◆ **Work to complete**
Set down each record exactly. Omit the pictures.

◆ **Stored data entries**

________________

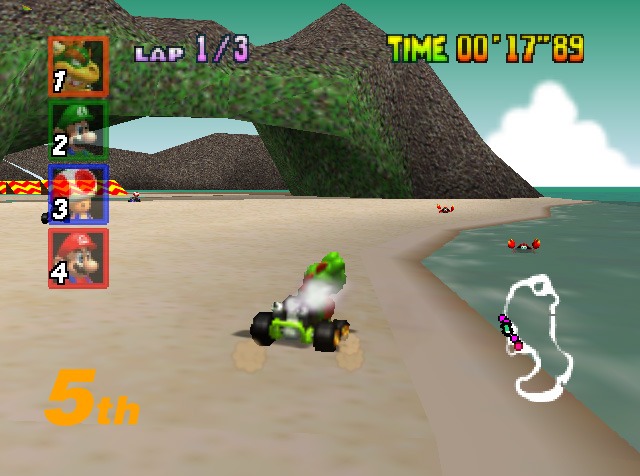 Mario Kart 64 - Mushroom Cup - Koopa Troopa Beach - Water Path shortcut.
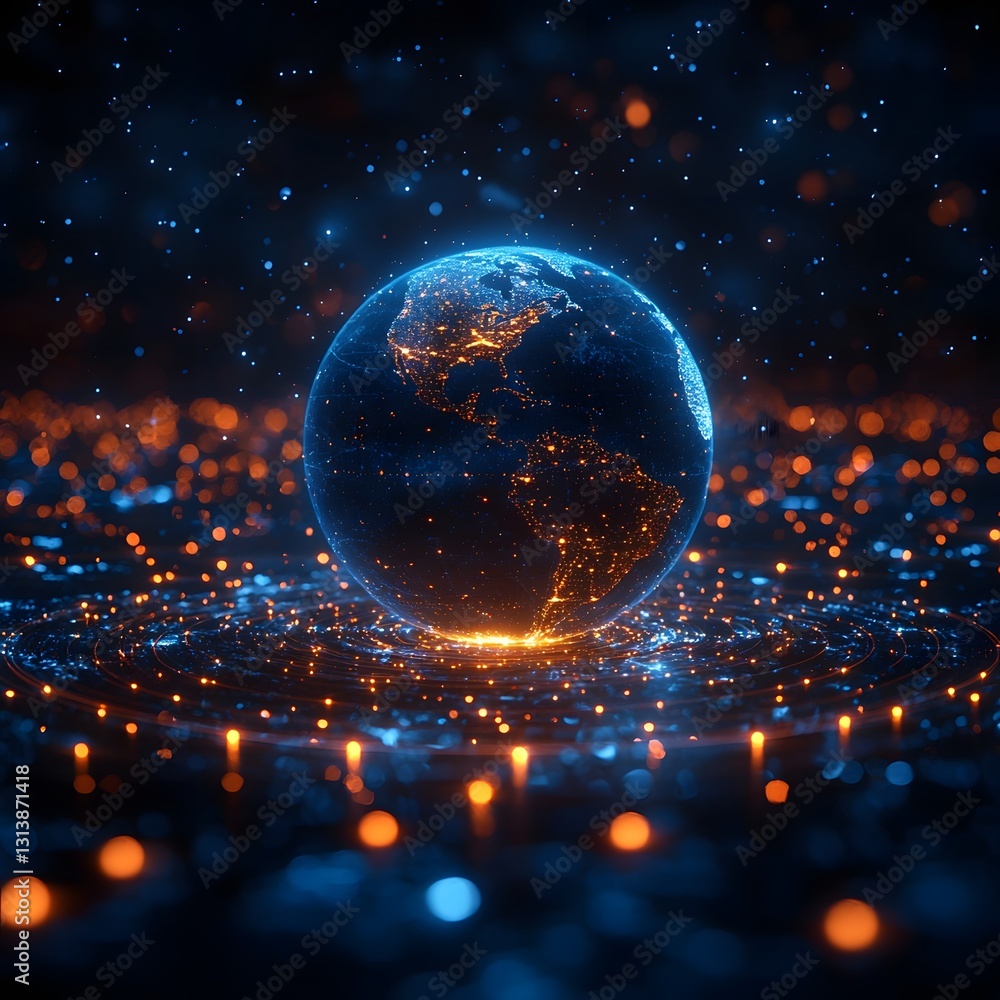 Poster glowing minimalist planet earth with concentric circular waves of connection and communication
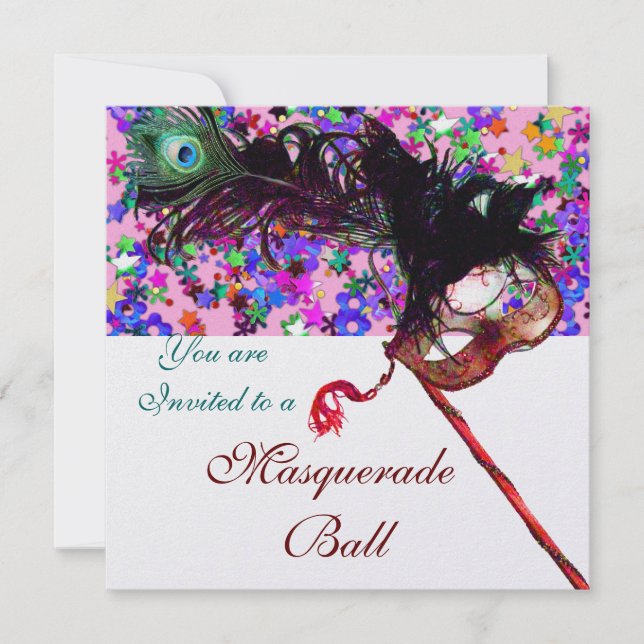 MARDI GRAS MASQUERADEMASK & KONFETTI vit Inbjudningar (Framsida)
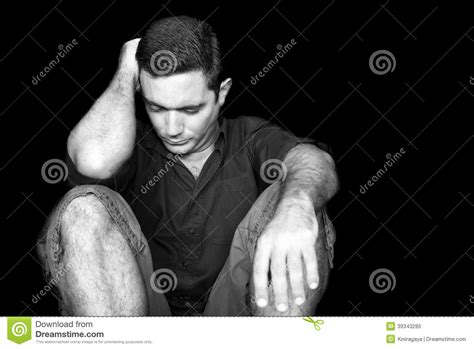 Sad And Stressed Young Man Sitting On The Floor Stock Image Image Of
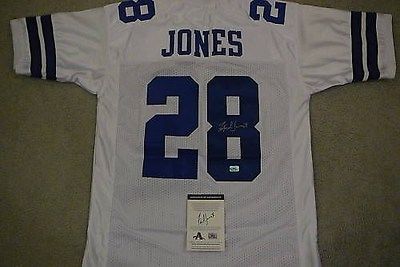 #28 FELIX JONES Dallas Cowboys NFL RB White Throwback Jersey AUTOGRAPHED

________________

◆ **Exercise response**
 Mario Kart 64 - Mushroom Cup - Koopa Troopa Beach - Water Path shortcut.
 Poster glowing minimalist planet earth with concentric circular waves of connection and communication
 MARDI GRAS MASQUERADEMASK & KONFETTI vit Inbjudningar (Framsida)
 Sad And Stressed Young Man Sitting On The Floor Stock Image Image Of
 #28 FELIX JONES Dallas Cowboys NFL RB White Throwback Jersey AUTOGRAPHED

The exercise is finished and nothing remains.